Omit all pictures, and print word for word only the lines from the one containing "DAN FOX APPAREL Pantaloni Laurin închis bej" through the end of the data.

» **Recorded data**

***

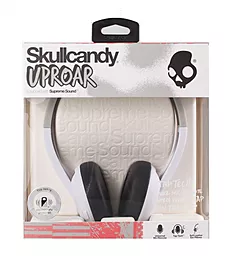 Навушники Skullcandy UPROAR White/Grey/Red (S5URHT-457) - мініатюра 3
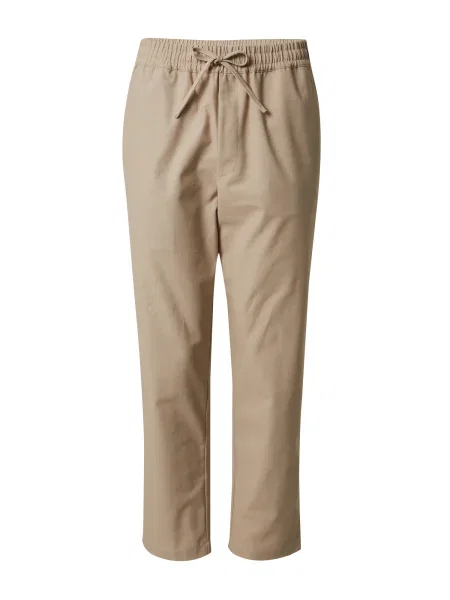 DAN FOX APPAREL Pantaloni Laurin închis bej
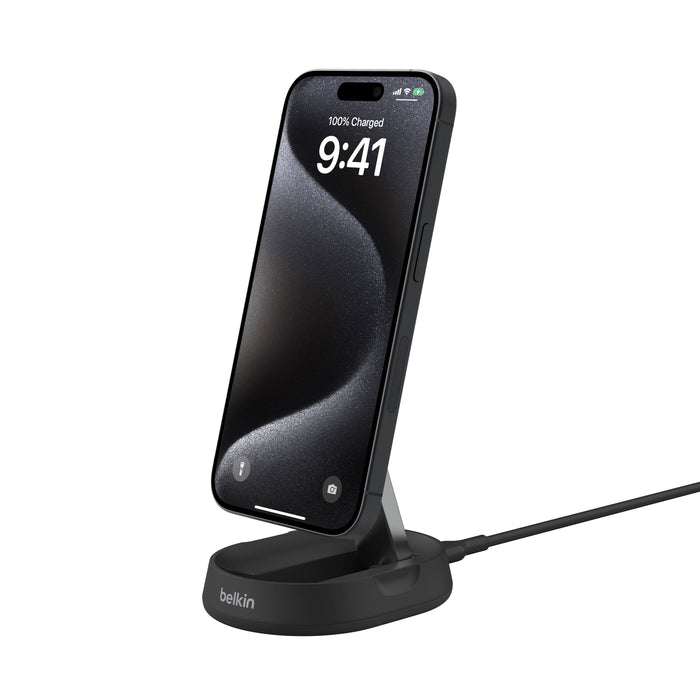 Convertible Magnetic Wireless Charging Stand + Qi2 15W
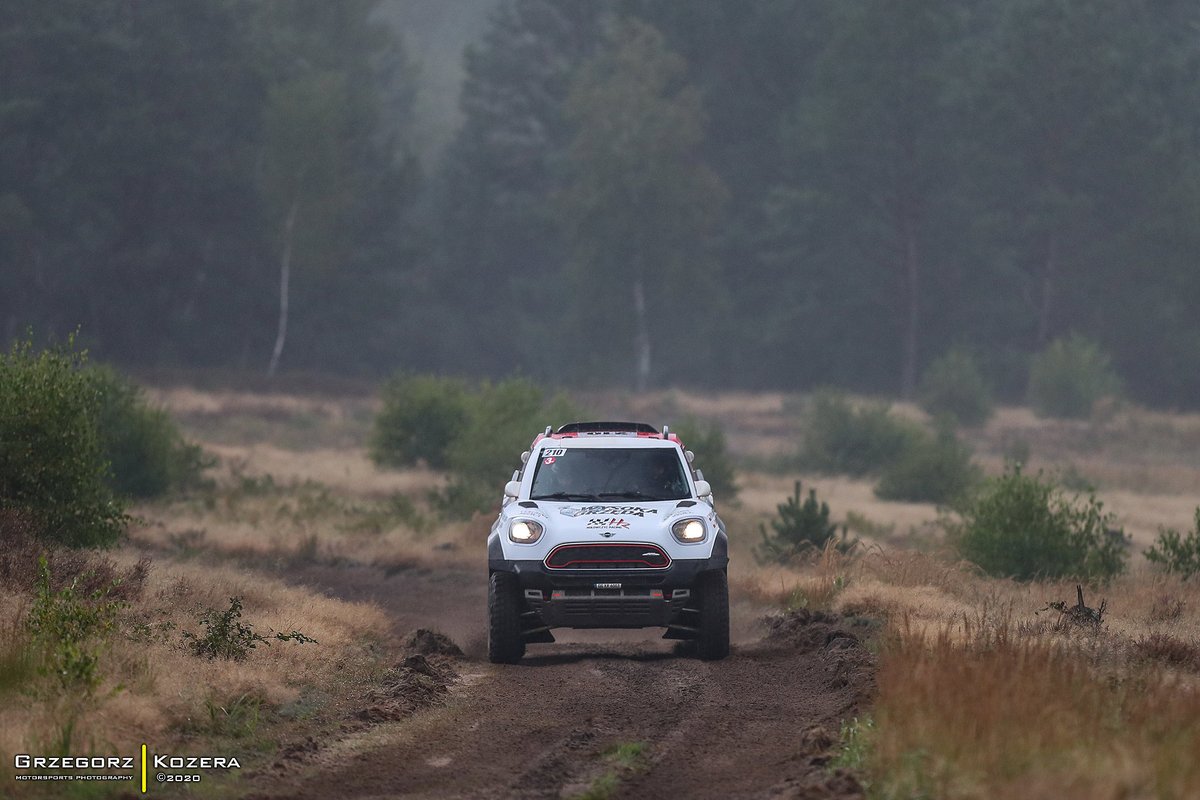 Michał Małuszyński, Julita Małuszyńska, Mini John Cooper Works Rally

***

» **Response for this exercise**
 DAN FOX APPAREL Pantaloni Laurin închis bej
 Convertible Magnetic Wireless Charging Stand + Qi2 15W
 Michał Małuszyński, Julita Małuszyńska, Mini John Cooper Works Rally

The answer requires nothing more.